Its new fingerprint sensor likely means basic password security will take a backseat in favor of an increased focus on personal online identity.

And it could negate the need for two-factor authentication and password-reset questions. The move may help companies like PayPal, whose apps and payment services rely on ensuring the utmost levels of security.  PayPal Chief Information Security Officer Michael Barrett alluded to the iPhone 5S’ upcoming biometric technology at the Interpol conference in May.

He said, according to Macworld, that users pick "poor passwords" and "reuse them everywhere." He added: "That has the effect of reducing the security of their most secure account to the security of the least secure place they visit on the Internet.”  PayPal this year helped launched the Fast Identity Online (FIDO) Alliance, which is aiming to do away with passwords and codes, focusing instead on common and open standards. BlackBerry, Google, and Lenovo, a major player in the Chinese market, are also members of the group. While devices may be replaceable, data loss can be catastrophic for the owner if it lands in the wrong hands. Despite backups and cloud-based storage, this "security" to "identity" shift suggests the iPhone maker recognizes that data is tied to an identity, not an easy-to-crack access code. It comes just months after calls from New York Attorney General Eric Schneiderman for the smartphone industry to make devices and data more secure. Apple execs met with Schneiderman and San Francisco District Attorney George Gascón, but the company was already doubling down on software security. Pre-release versions of iOS 7 already included an "activation lock" feature, which requires users to enter a valid Apple ID to authenticate the device.

This de facto "kill switch" is designed to bolster the device's security at a software level. The possibilities for this technology could change the entire personal security landscape altogether. While a password can be as secure as a four-digit code or lengthy alphanumerics, a fingerprint could become the gateway to Web-based authentication -- something not too uncommon in this day and age where we make payments electronically or wirelessly from our smartphones. The app ecosystem will now be able to tap into a reliable and secure mechanism that can authenticate the person, not the device or the data, as the digital signature behind transactions and decisions.

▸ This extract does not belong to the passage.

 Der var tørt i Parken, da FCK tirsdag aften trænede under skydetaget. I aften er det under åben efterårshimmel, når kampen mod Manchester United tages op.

The possibilities extend as far as in-app purchases, banking, and connecting to virtual workplaces, while at the same time reducing accidental app and game purchases and adding an extra layer against malware. While Barrett remained optimistic that this year more devices will contain identity management and security technology, he was less so about the death of the password. "Passwords won't disappear overnight," he said. However, Apple has fired the starting pistol on what it sees as the future of security and online identity, with a layered and multifaceted idea of how we connect with our devices and how our devices represent the user on an identity level.